**Data for review**
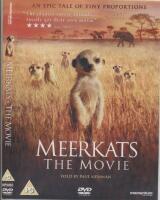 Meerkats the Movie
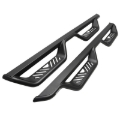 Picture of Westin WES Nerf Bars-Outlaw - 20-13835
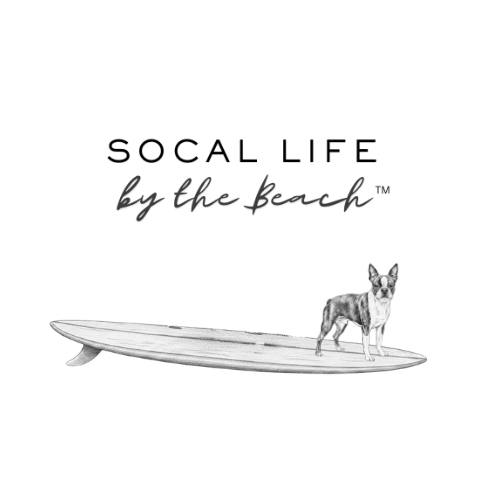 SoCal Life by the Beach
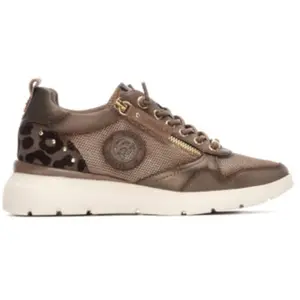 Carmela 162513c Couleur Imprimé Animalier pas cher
--
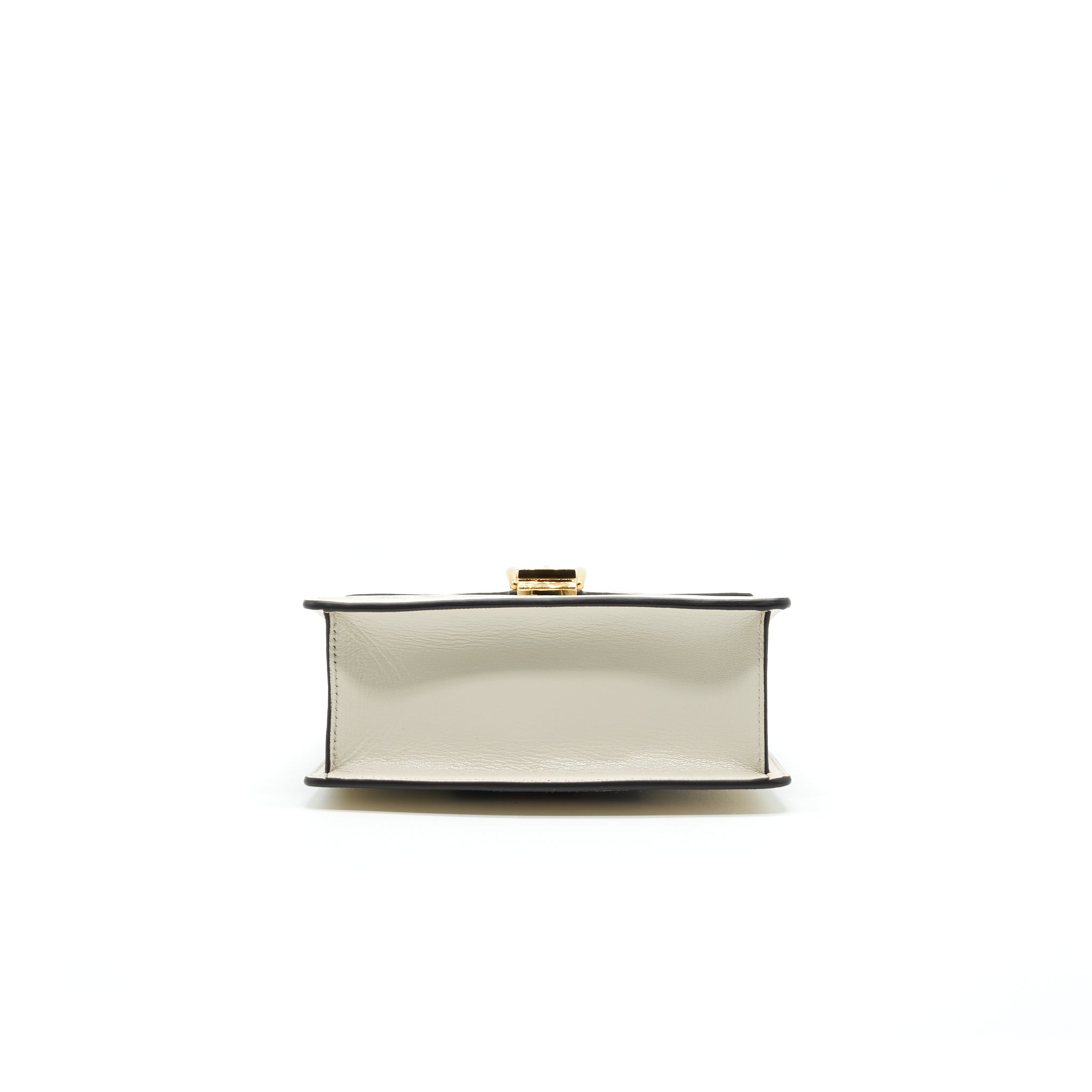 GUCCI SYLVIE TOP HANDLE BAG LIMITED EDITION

**Task prompt**
Copy word for word the lines above, starting at the line containing "Meerkats the Movie" and ending at the line containing "Carmela 162513c Couleur", inclusive, with no pictures.

**Written solution**
 Meerkats the Movie
 Picture of Westin WES Nerf Bars-Outlaw - 20-13835
 SoCal Life by the Beach
 Carmela 162513c Couleur Imprimé Animalier pas cher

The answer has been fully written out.